Existem estratégias evolutivamente estáveis, mas a melhor estratégia é poder mudar de estratégia se a situação assim pedir. E para isso, precisamos de discernimento, que tem sido preterido as normativas;
“O sistema interestadual de rodovias, até hoje o maior programa público de obras do pós-guerra, foi autorizado em 1956 com um estatuto de 28 páginas. A ‘lei do transporte’ que passou no congresso em 1991 sem que isso tenha afetado muito a sua vida, tinha dez vezes mais.(…) Só a EPA (agência de proteção ambiental americana) tem mais de 10.000 páginas de regulamentos.”
No Brasil não é muito diferente e basta ver o drama por que passam qualquer empreendimento que tente se instalar no Brasil. Será que deveríamos ter leis mais flexíveis, que contassem mais com o discernimento das pessoas? E se o resultado fosse que as hidroelétricas de Belo Monte, Santo Antônio e Jirau fossem instaladas sem uma discussão prévia? Acontece que com as leis precisas demais, os empreendimentos continuam acontecendo, mas ao invés de uma discussão, estimulamos o descumprimento da lei e a corrupção.
Eu acho que uma nova lei deveria ser considerada como uma inovação: só pode ser produzida se houver indícios concretos que ela possa ser cumprida. Nem só cumprida, ela tem que ser viável. Talvez, antes de qualquer um dos dois, ela tem de ser necessária!

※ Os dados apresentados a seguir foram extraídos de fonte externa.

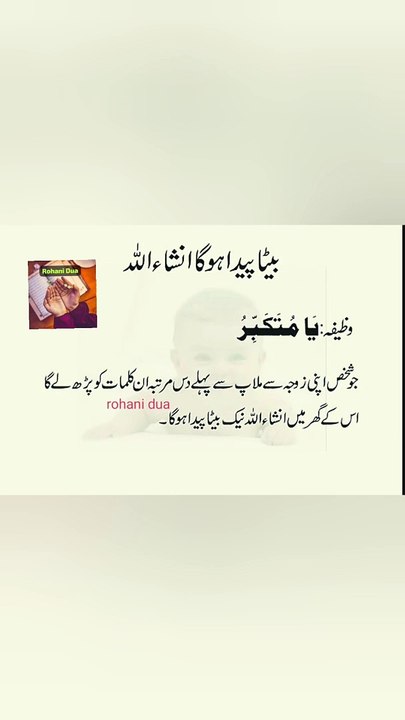inshallah beta paida hoga | beta paida hone ka wazifa | aulad e narina ke liye dua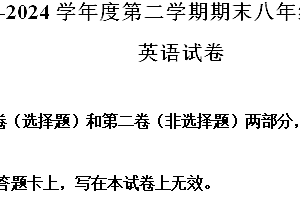 江苏省宿迁地区2023-2024学年八年级下学期期末考试英语试题(含解析)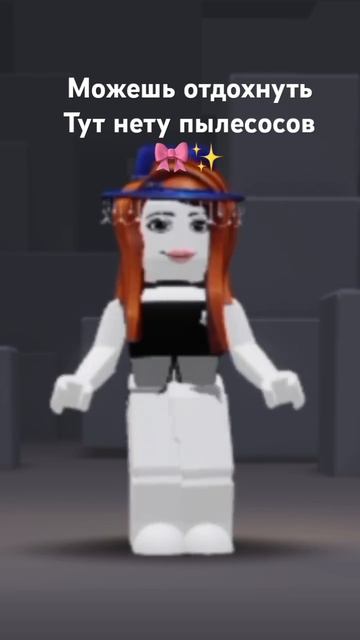 Я хочу быть пылесосом😈 смотреть онлайн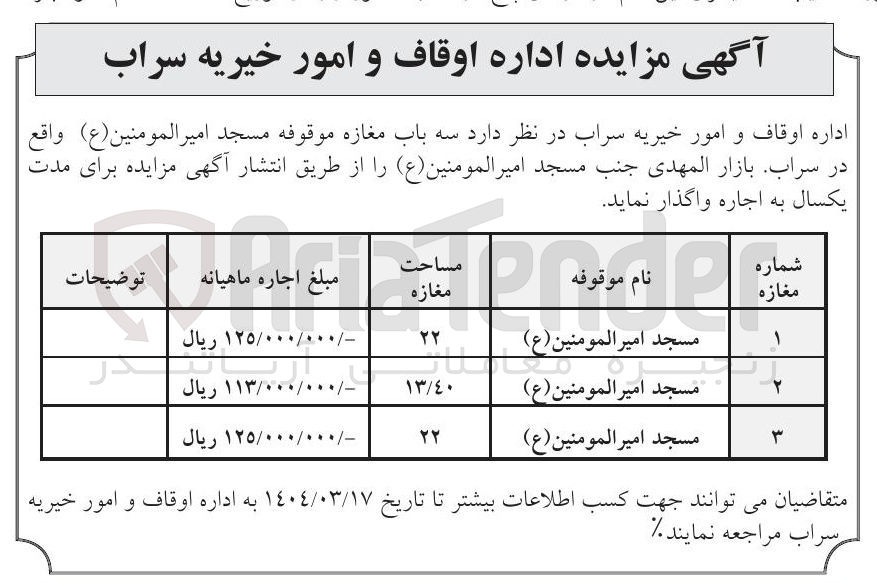 تصویر کوچک آگهی اجاره  سه باب مغازه موقوفه مسجد امیر المومنین ( ع ) 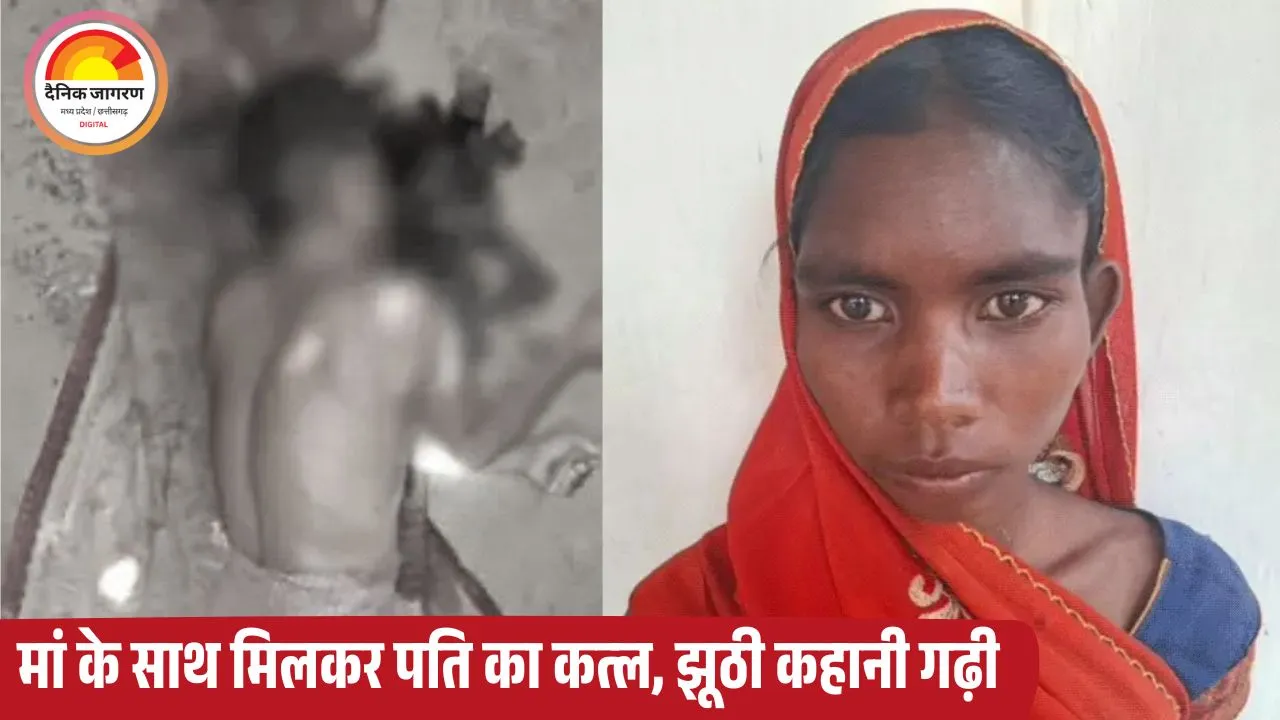 पत्नी ने दिवाली की रात किया कत्ल: भूत पर डाला इल्ज़ाम, सच्चाई जानकर सन्न रह गए गांव वाले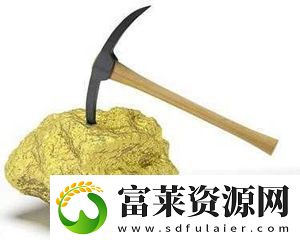 金矿系统玩法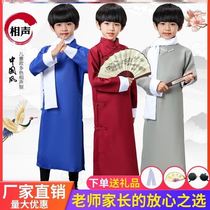 Say Bookman Childrens Performance Costume Comic Performance Costume for men and women The mandarin vest says long-shirts sound to the robe stage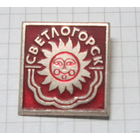 Светлогорск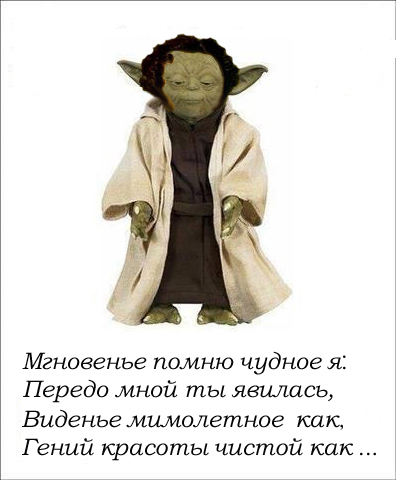 Сломал мозг... открытый перелом.
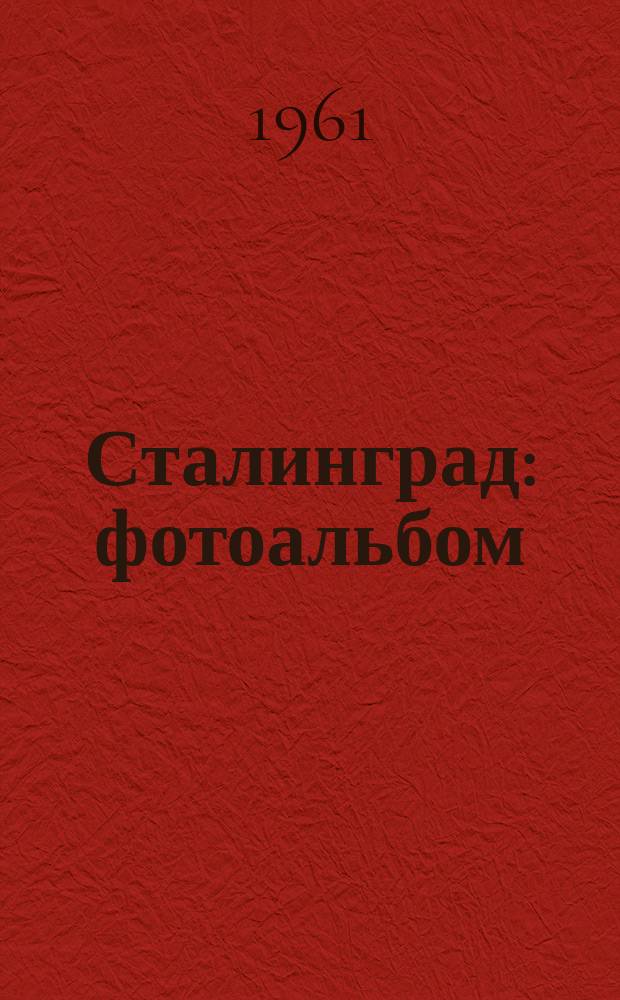 Сталинград : фотоальбом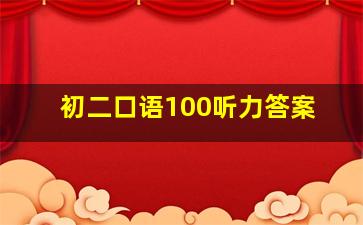 初二口语100听力答案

O Richard Feynman dizia, ou eu depreendi isso do que li do livro dele ‘Deve ser brincadeira Sr. Feynman’ que uma boa idéia não pode refutar os princípios básicos das coisas. Já falei sobre isso aqui.
Lembro do meu deputado, o Fernando Gabeira, propondo isso no congresso anos atrás: que toda lei proposta fosse acompanhada de um estudo do custo de implementação.
Se todo deputado tivesse de escrever um plano de negócios de suas leis, para ser submetido a FINEP ou a um grupo de investidores de risco, ou mesmo de capital anjo, teríamos muito, muito menos leis. E teríamos deputados muito, muito melhor preparados.
Falta critério, falta bom senso, falta inovação.